**** Provided data ****

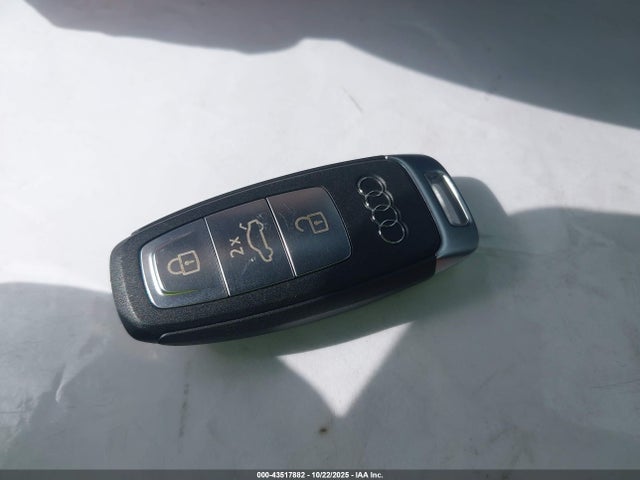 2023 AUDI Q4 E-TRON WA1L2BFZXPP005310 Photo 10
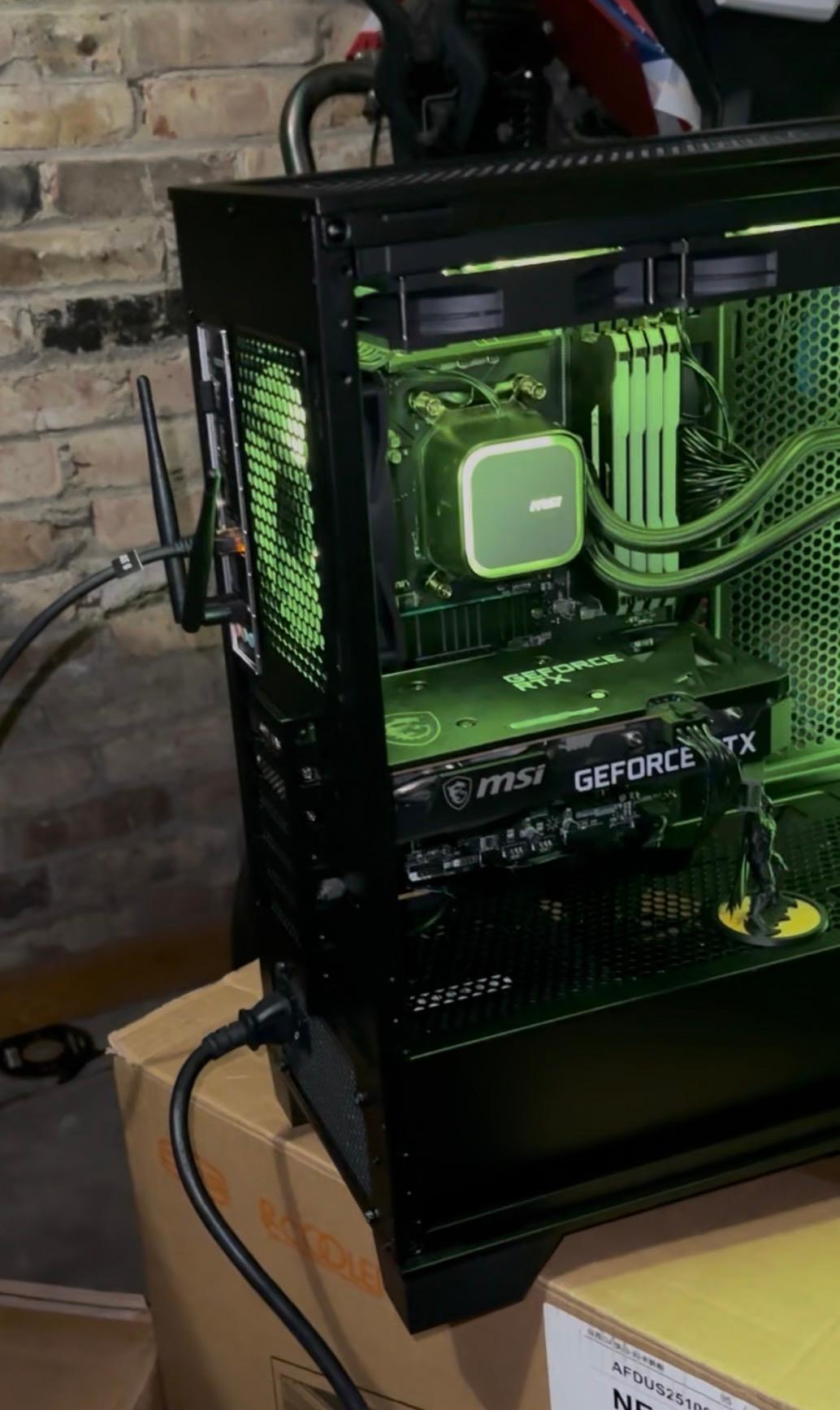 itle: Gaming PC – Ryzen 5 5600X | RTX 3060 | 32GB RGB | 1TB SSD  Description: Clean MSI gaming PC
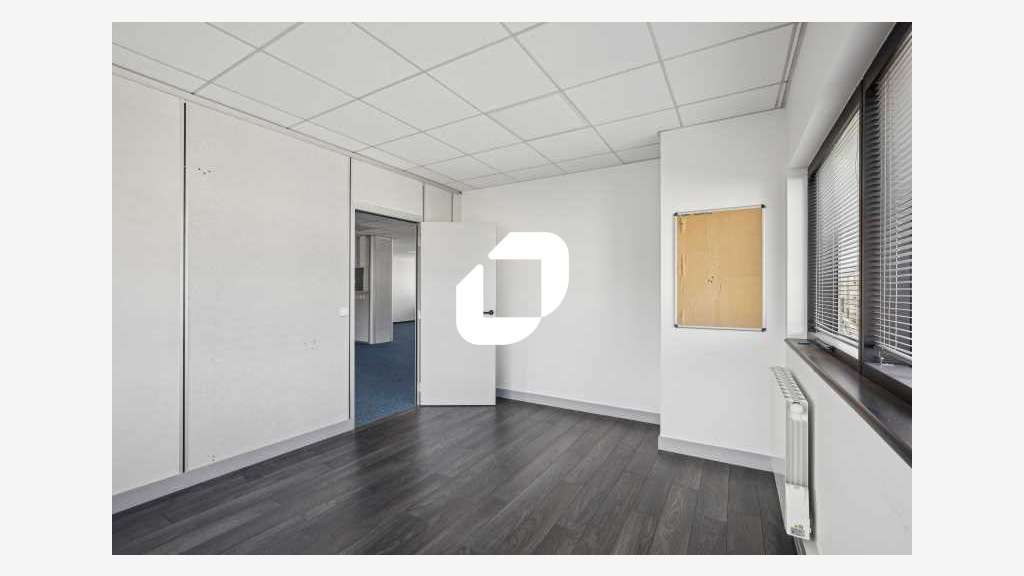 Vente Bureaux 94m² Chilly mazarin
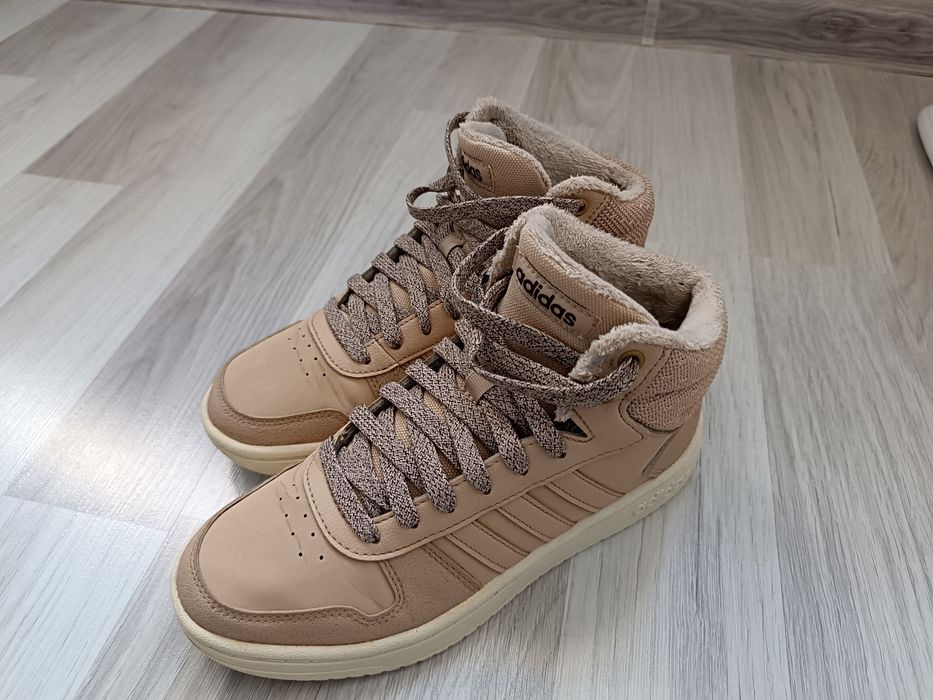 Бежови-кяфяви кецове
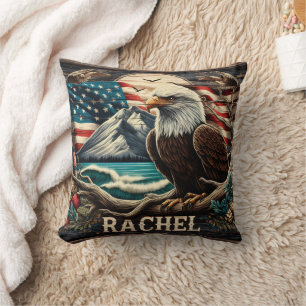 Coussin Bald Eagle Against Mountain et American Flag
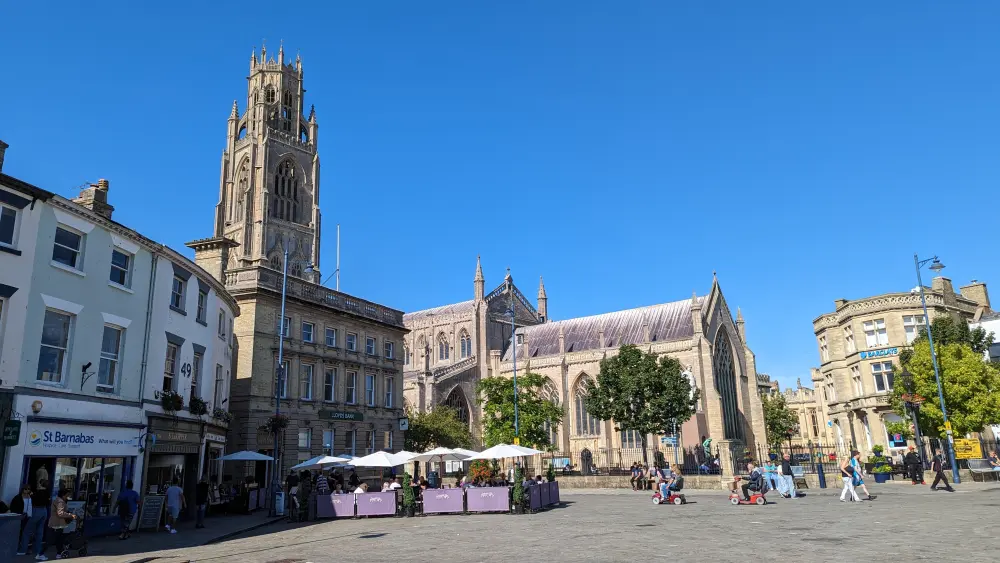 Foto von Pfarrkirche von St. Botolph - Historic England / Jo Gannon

****
**** Provided data ****

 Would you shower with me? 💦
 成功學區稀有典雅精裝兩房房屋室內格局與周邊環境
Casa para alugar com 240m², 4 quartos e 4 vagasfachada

****

▶ **Work to be completed**
Nothing except the lines from the one containing "Coussin Bald Eagle" through the one containing "Foto von Pfarrkirche" should appear in the answer, exactly as above and without pictures.

▶ **Exercise solution**
 Coussin Bald Eagle Against Mountain et American Flag
 Foto von Pfarrkirche von St. Botolph - Historic England / Jo Gannon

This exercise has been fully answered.